At 5pm the rand traded at R14.59 against the dollar, about 0.38 percent weaker than its previous close. It had rallied to R14.4475 on Thursday, its strongest since February 24, but again failed to hold below the R14.50 psychologi­cal level.

“That the ZAR was not able to use this momentum to gain against the greenback suggests speculator sentiment towards the local unit remains somewhat cautious,” said economists at ETM Analytics.

“Most of its recent resilience and relative strength rooted in real trade flows rather than a more positive outlook on South Africa’s reform prospects.”

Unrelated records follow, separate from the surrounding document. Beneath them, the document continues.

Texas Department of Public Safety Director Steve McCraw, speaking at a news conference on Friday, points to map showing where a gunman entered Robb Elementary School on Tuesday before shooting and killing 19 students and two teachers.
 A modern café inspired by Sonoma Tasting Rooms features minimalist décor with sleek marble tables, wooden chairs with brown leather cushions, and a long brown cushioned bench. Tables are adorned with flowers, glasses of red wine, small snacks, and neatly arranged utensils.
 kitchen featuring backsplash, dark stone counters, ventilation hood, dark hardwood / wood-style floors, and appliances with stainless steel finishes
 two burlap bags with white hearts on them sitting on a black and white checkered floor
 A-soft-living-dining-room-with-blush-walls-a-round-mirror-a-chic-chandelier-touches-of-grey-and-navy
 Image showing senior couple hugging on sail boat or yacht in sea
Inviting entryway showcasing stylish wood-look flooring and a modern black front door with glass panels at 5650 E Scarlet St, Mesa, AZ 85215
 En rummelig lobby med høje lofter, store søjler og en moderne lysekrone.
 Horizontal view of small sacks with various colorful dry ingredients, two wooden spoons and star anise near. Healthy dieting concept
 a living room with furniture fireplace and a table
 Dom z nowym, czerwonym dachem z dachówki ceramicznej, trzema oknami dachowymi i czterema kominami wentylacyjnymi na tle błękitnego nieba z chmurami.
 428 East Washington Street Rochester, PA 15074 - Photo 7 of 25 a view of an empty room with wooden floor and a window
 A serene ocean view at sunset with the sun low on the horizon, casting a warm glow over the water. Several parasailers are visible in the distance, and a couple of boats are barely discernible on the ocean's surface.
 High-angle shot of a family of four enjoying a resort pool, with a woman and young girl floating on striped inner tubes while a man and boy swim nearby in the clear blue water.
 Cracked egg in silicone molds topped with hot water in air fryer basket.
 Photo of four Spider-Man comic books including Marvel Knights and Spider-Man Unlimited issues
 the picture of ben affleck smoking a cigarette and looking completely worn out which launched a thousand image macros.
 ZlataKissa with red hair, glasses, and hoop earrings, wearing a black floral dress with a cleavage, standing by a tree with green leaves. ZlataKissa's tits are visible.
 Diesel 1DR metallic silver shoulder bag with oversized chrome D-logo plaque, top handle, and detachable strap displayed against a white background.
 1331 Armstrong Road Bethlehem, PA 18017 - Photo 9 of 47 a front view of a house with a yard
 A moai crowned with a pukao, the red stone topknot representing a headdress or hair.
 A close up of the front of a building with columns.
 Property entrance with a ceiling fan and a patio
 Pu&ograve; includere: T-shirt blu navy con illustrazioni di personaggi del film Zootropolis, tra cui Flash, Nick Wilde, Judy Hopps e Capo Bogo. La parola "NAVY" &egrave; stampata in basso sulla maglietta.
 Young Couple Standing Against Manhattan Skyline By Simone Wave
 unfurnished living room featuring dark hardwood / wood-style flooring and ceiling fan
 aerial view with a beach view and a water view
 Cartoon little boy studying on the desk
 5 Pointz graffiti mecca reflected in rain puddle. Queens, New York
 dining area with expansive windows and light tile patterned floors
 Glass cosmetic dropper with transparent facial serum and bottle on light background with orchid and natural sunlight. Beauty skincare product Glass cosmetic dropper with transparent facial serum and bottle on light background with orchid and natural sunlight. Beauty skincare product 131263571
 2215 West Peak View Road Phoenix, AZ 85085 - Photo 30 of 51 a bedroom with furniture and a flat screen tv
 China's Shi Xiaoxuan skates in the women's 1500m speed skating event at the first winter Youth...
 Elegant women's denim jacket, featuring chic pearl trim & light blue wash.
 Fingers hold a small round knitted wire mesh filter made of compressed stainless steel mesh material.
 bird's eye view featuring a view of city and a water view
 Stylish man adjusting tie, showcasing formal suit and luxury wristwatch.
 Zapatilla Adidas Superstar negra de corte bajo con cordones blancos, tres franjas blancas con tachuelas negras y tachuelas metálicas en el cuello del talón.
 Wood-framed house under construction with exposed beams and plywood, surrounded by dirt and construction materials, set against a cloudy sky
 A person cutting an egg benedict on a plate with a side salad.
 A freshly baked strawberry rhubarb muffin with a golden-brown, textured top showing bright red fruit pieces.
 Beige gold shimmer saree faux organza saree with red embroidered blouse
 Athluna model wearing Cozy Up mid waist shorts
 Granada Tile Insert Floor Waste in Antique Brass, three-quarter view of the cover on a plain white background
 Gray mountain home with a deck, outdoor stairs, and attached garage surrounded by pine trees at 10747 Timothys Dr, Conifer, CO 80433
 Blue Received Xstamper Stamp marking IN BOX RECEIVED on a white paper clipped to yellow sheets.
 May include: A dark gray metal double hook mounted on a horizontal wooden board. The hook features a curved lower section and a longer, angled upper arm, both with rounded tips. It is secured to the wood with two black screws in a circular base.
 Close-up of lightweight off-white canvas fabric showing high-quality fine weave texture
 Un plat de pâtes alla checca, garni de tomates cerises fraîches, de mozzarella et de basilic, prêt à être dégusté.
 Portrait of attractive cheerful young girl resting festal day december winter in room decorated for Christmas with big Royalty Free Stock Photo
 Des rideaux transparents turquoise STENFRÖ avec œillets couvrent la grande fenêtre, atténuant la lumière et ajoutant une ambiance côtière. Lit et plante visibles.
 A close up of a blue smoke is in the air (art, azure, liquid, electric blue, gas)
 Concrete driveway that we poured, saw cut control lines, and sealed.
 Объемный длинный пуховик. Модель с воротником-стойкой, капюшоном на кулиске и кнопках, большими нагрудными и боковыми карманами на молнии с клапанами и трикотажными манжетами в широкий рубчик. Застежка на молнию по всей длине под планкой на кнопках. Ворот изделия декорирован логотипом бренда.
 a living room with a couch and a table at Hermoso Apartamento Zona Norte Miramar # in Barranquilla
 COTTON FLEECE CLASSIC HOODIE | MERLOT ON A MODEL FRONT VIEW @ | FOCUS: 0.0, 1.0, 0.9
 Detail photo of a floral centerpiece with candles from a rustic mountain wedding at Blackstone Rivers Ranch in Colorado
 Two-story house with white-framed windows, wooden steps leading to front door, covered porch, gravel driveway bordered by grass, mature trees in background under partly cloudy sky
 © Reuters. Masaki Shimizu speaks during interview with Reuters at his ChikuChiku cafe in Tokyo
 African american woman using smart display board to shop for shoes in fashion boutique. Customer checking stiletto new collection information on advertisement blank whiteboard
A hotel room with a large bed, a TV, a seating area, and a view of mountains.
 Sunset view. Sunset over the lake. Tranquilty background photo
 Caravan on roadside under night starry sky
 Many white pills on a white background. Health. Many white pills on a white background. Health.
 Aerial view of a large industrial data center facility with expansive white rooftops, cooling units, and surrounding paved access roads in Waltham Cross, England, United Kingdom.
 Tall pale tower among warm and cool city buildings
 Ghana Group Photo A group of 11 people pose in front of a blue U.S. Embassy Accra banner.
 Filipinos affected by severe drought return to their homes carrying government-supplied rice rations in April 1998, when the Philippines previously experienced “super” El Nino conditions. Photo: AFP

Most emerging market currencies rose last week on weakness in the dollar and US treasury yields, especially after minutes from the Fed’s latest meeting showed that the bank was in no hurry to tighten monetary policy.

Lower US interest rate expectatio­ns boost investor appetite for emerging markets assets, such as the rand, which offer higher returns but carry more risk.

Government bonds also weakened, with the yield on the benchmark instrument due in 2030 up 11.5 basis points at 9.335 percent.

In the equities market, JSE all share index gained 0.2 percent at 67 191.27 points, while the Top40 index advanced 0.25 percent to 61 458.47 points, tracking gains in global stocks which hit record highs on Friday.

The third top gainer was investment company RMB Holdings which gained 7.69 percent to R1.82 after it said it would be returning capital committed to the developmen­t of a new hub for business to shareholde­rs as a special dividend as conditions for that developmen­t were not met by the March 31 deadline.